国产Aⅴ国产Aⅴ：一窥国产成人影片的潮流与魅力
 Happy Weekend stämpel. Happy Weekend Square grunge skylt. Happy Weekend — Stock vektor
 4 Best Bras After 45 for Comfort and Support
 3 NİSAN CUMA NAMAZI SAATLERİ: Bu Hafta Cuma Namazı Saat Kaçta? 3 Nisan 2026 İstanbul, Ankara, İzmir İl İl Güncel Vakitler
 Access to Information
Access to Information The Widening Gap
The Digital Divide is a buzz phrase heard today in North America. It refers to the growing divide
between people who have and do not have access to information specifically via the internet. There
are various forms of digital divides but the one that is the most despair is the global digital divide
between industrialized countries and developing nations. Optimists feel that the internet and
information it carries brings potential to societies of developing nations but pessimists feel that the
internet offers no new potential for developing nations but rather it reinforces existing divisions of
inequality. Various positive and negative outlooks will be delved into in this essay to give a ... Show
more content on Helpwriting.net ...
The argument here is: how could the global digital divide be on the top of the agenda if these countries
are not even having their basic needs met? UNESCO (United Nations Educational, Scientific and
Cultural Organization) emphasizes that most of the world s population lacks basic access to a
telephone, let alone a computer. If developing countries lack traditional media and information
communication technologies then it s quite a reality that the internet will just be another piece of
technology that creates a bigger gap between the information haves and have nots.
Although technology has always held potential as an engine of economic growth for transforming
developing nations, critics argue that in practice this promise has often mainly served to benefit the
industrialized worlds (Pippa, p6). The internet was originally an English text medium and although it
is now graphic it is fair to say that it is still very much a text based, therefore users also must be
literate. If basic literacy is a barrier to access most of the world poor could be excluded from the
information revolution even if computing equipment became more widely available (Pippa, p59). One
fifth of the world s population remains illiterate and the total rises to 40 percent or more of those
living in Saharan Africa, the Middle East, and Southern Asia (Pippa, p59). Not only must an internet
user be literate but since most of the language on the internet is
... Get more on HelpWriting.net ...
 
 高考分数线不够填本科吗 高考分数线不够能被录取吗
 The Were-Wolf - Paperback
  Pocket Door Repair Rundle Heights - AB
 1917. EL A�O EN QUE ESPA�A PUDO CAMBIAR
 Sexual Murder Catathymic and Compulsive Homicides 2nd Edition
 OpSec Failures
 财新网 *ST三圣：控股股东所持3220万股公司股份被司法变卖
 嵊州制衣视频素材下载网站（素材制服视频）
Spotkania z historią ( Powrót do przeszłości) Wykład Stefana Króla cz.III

*****

**Directions:** Identify every line above that includes the word "potential", and show those lines.

**Written solution:**
information it carries brings potential to societies of developing nations but pessimists feel that the
internet offers no new potential for developing nations but rather it reinforces existing divisions of
Although technology has always held potential as an engine of economic growth for transforming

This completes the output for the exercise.